Essentially, we are postponing the implementation of the calling logic to the effect interpreter. This insulates denoteExpr and denoteStmt from the implementation of the value type, preventing us from having to update these if we add new types, e.g. structures, unions, etc.

Functions Are IO

The generality of our implementation of functions (and indeed our other effects) means that we can actually use the same technique to model calls to functions defined in other languages and I/O. Note that when we define our interpreter for an effect, we can tract any information that we might need. In the case of locals, we tracked the local variable environment, but in the case of external functions or I/O, we can track the trace of all of the (external) function calls that we make. To see concretely how this would work, we can give a completely generic interpretation of interaction trees into traces3.

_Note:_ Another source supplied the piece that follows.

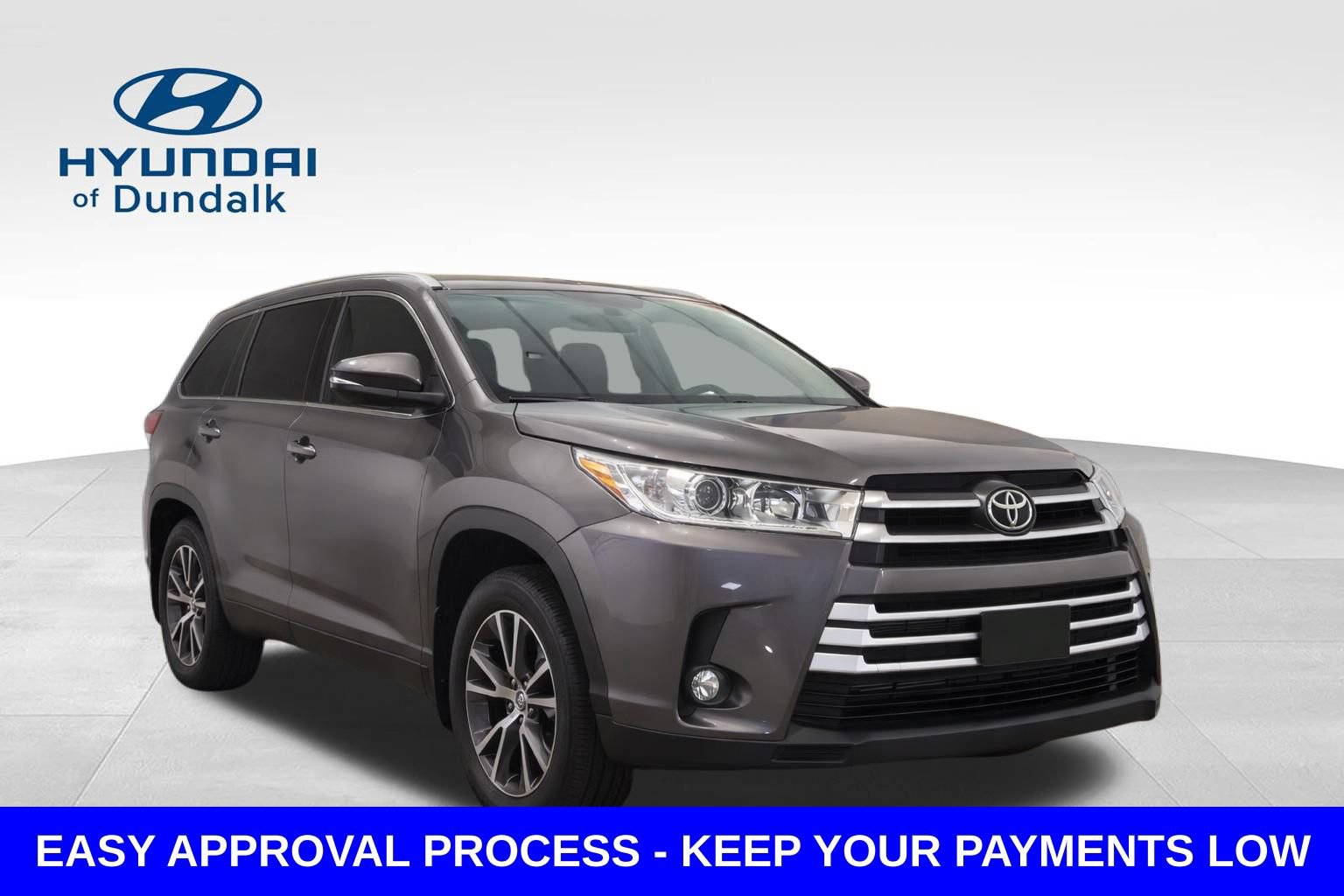 Used 2019 Toyota Highlander LE FWD image 2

CoInductive trace (eff : Type -> Type) (t : Type) : Type :=
| TEnd (_ : t)
| TSend {u} (_ : eff u) (_ : traceK eff t u)
| TNever
with traceK (eff : Type -> Type) (t u : Type) : Type :=
| TKRecv (_ : u) (_ : trace eff t)
| TKNever.

CoInductive is_trace {eff : Type -> Type} {t}
: itree eff t -> trace eff t -> Prop :=
| is_trace_ret {v} : is_trace (Ret v) (TEnd v)
| is_trace_tau {it t} : is_trace it t -> is_trace (Tau it) t
| is_trace_send {u e itk kt} : is_traceK ikt kt -> is_trace (Vis e ikt) (Send e kt)
| is_trace_never {it} : Diverges it -> is_trace it TNever
with is_traceK {eff : Type -> Type} {t}
: forall {u}, (u -> itree eff t) -> traceK eff t u -> Prop :=
| is_traceK_recv {u} {v : u} {it} {t} : is_trace (it v) t -> is_traceK it ((TKRecv v t)
| is_traceK_never {u} {it} : Diverges it ->  @is_trace eff t u it TKNever.

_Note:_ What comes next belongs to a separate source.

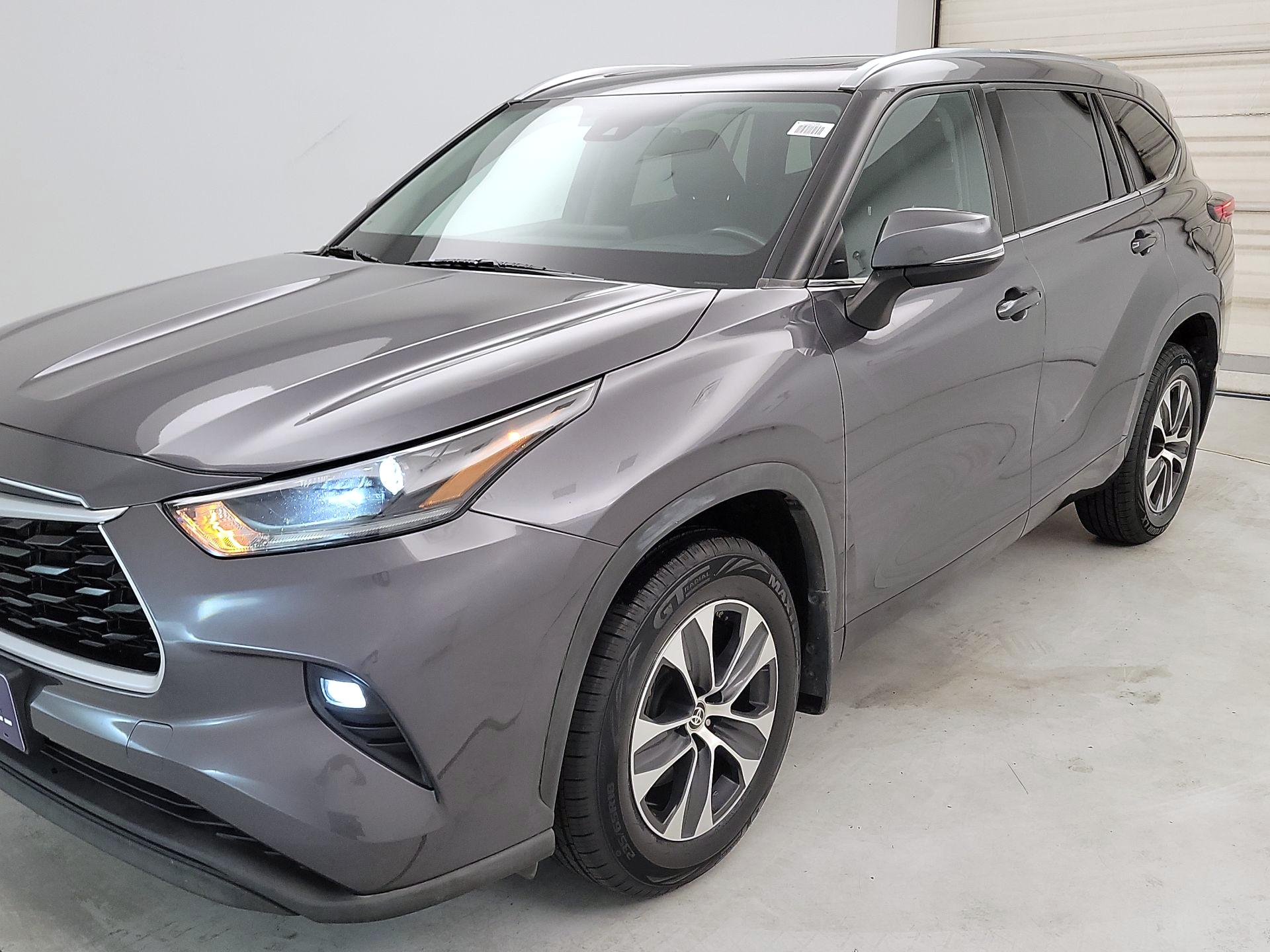 Thumbnail: 2021 Toyota Highlander - 3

This definition is slightly more complex than the standard one where we use lists of pairs of the action taken and the response for two reaons. First, since interaction trees are co-inductive, we need co-inductive lists (our type also includes the information “returned” by the computation) in order to account for the fact that an infinite number of interactions can occur. Second, separating Send and Recv makes it possible to model events that never return, e.g. the return value is Empty_set. Note that here I am collapsing an infinite number of Taus (described by Diverges) into TKNever. We need to do something similar in the trace type since this particular trace definition opts to drop consecutive Tau constructors.

Conclusions

In this post I demonatrated how to use interaction trees to give a compositional denotational semantics to imperative programs. The style leverages two properties of interaction trees. First, the co-inductive nature of interaction trees allows them to naturally capture non-termination. Second, algebraic effects (the name for the style used here) are composable allowing me to add additional effects without dramatically changing the underlying effect definition.

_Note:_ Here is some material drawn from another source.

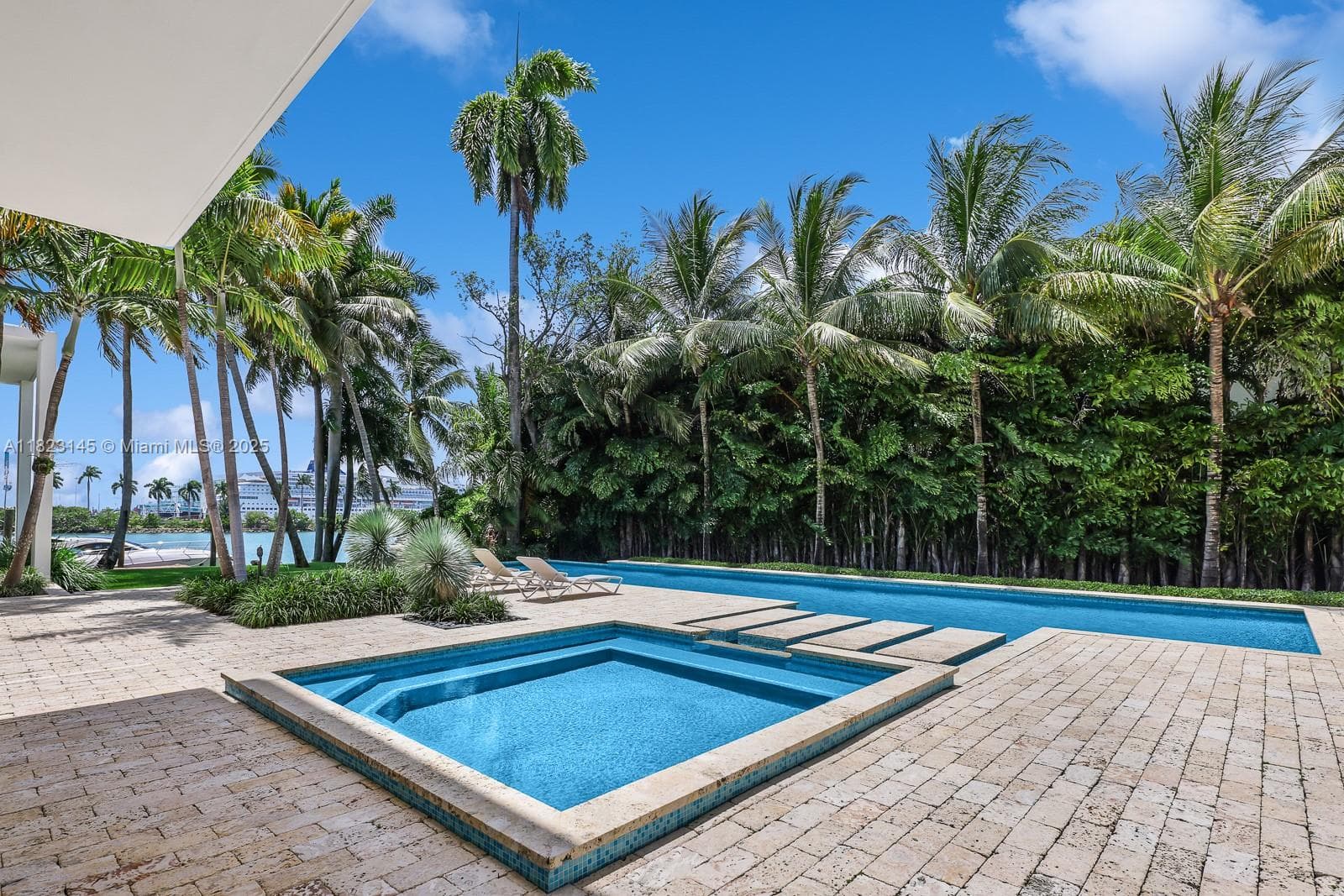 30 Palm Ave photo 62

I’ve also done some experiments encoding more interesting control flow such as break and continue on top of these definitions. Those results, however, will have to wait for another post (if there is interest).

Footnotes

  1. While (no pun intended) this makes our semantics a bit more readable here, if we extend the language with richer control flow, e.g. try-catch or break, we need to abandon this definition in favor of a richer recursive structure. 

  2. In an alternate implementation, we could different constructors of Error to track different error sources, or we could parameterize Error by a type of errors. 

  3. There are several possible ways to define traces depending on whether you want to capture stuttering in the trace, or eliminate it. Different choices here make more sense depending on your particular interpretation of stuttering, i.e. if it is just a compositional representation of divergence, or it has some additional meaning, e.g. for step-indexing.